Chapter 51
Chapter Fifty-One
ELIZABETH
Dreams
My senses feel sluggish, not quite ready to awaken from the deep sleep I was in.
There’s a tickle against my cheek, and I slowly blink open my eyes.
Everything is blurry through the grit crusting my eyelashes.
Wiping it away using the heels of my palms, my vision clears, only to see darkness.
Struggling to sit up, I wince when the crick in my neck makes itself known. I must’ve nodded off at some point.
“Jayson,” I say, but he’s not there beside me on the couch.
The blanket he covered me with falls off my shoulders when I stretch my arms high and yawn. I wish he would’ve woken me up. The sectional isn’t the most comfortable place to fall asleep. My sore neck agrees.

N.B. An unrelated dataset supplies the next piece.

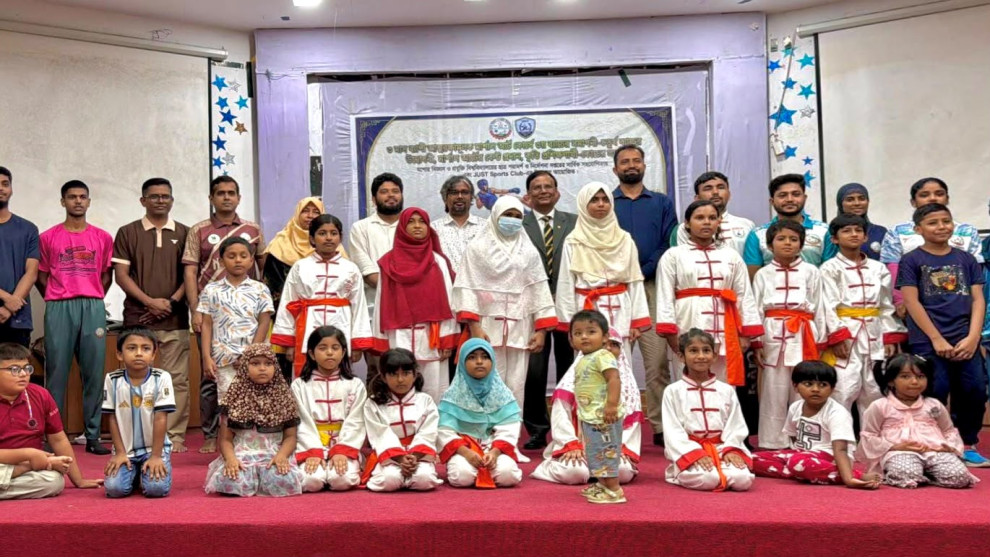 যবিপ্রবিতে মার্শাল আর্ট কোর্সের সমাপনী ও নতুন ব্যাচের বরণ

I shiver when the night-chilled air kisses the exposed skin of my shoulders and immediately wrap the blanket around me again. He must’ve also turned off the fireplace before heading in.
Unfolding my legs, my muscles groan when I stand up. I wonder what time it is. Middle of the night, probably.
Shuffling on tired feet back inside the house, I pause and look out over the courtyard when I notice the twinkling of dozens of fireflies. No, not fireflies. Fairy lights. Like the ones Jayson put in our tree. When did he do that?
The paver stones are still wet from the rain, the damp tiles slick beneath my bare feet as I venture out into the courtyard.
The clouds have finally dissipated, leaving behind a clear night sky sprinkled with stars that are more pronounced under a new moon.
The overall ambience created feels like I’m stepping into a fairy tale.
“Elizabeth.”
I come to a dead stop, my pulse hammering wildly when a shadowy figure materializes in front of me. Everything tilts, and for a moment, I can’t breathe.
I blink once, twice, my mind trying to catch up to my heart when golden-brown eyes stare back at me, the same shade of burnished copper that would always look at me with so much love, like I was the most precious thing in his world.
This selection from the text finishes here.